╭─ Input data

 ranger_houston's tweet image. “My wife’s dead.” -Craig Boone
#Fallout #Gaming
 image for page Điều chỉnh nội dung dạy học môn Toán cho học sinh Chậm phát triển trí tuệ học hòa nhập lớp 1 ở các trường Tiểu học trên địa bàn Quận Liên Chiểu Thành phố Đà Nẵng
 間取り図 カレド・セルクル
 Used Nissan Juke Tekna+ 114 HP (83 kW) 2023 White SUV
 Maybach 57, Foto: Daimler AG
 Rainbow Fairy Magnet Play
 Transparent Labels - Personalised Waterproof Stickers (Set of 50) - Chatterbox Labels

╰─
╭─ Input data

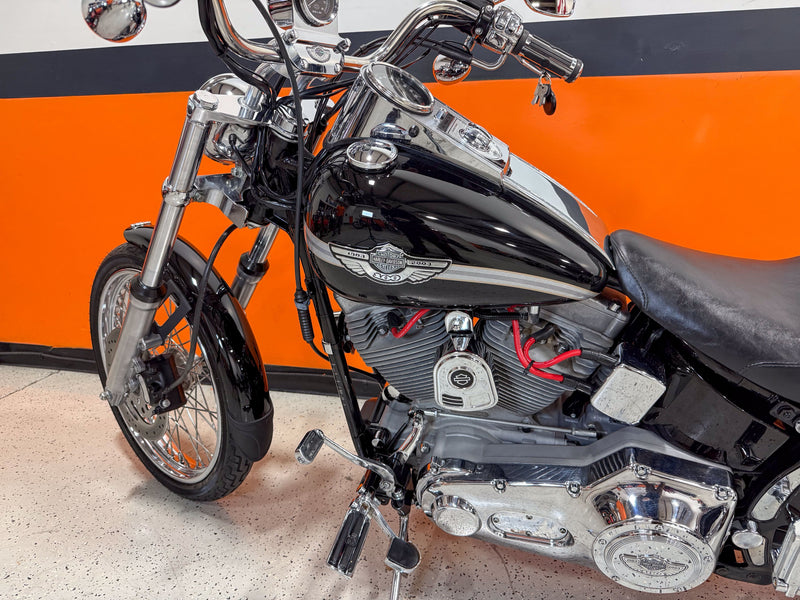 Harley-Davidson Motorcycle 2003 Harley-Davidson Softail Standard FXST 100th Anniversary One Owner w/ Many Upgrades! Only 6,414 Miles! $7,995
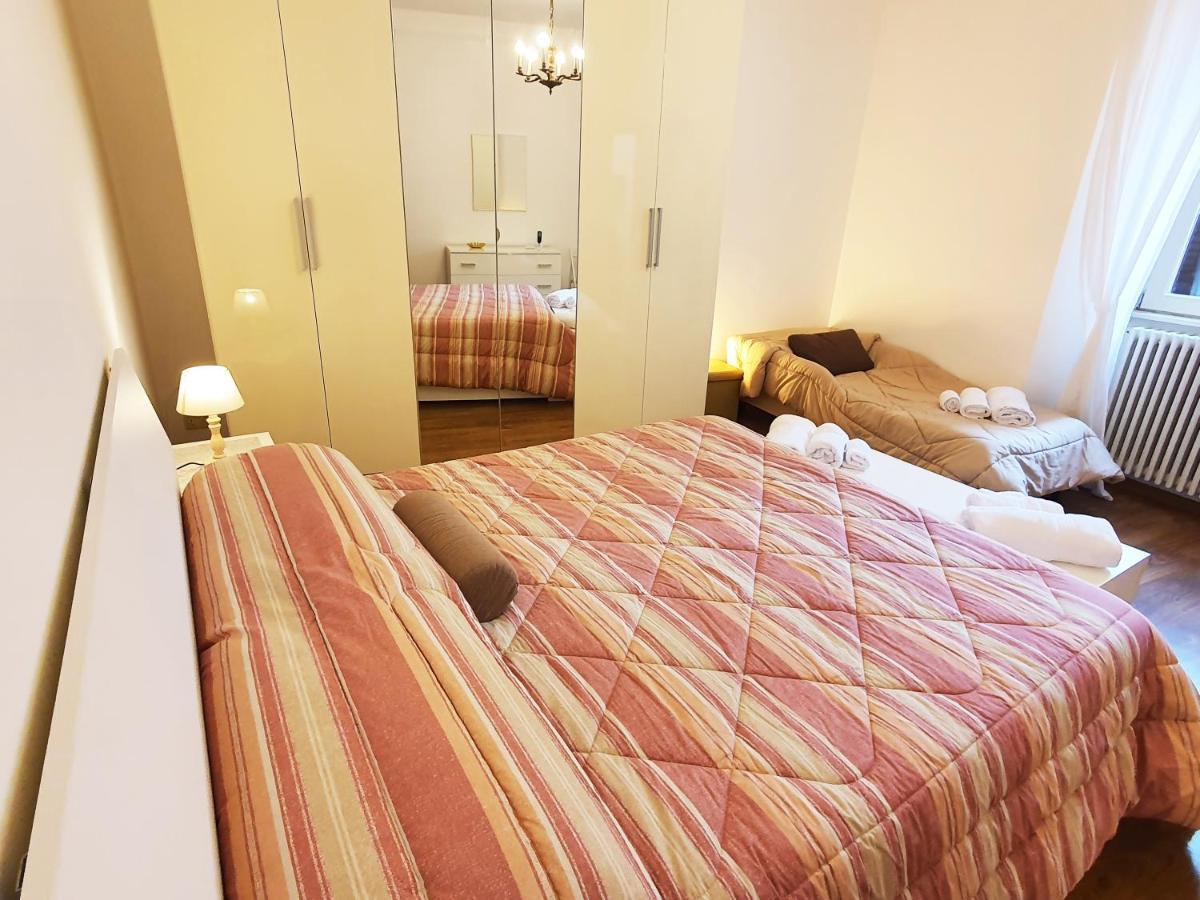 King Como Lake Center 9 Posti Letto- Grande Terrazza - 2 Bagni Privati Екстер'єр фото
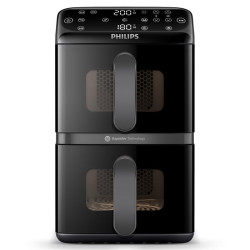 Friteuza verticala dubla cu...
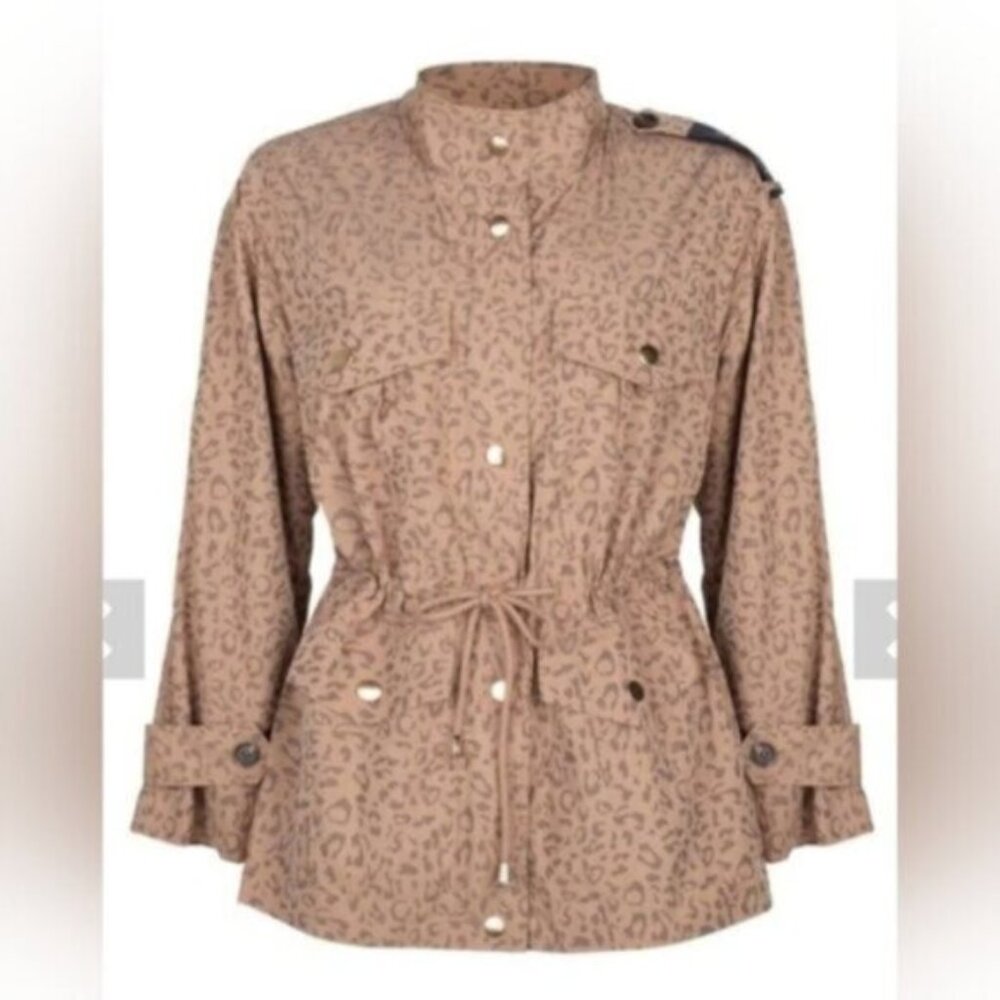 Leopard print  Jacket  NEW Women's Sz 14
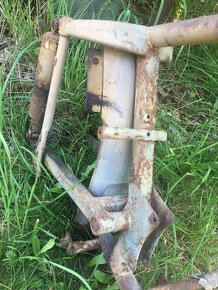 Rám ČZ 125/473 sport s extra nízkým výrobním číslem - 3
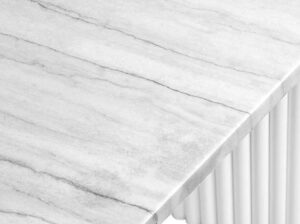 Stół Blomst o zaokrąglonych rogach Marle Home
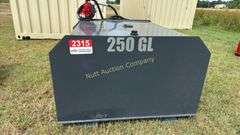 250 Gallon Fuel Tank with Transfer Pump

╰─

Exercise description: Would you print exactly, and only, the lines of the data above from the line with "Used Nissan Juke" through the line with "Transparent Labels - Personalised", inclusive?

Written answer:
 Used Nissan Juke Tekna+ 114 HP (83 kW) 2023 White SUV
 Maybach 57, Foto: Daimler AG
 Rainbow Fairy Magnet Play
 Transparent Labels - Personalised Waterproof Stickers (Set of 50) - Chatterbox Labels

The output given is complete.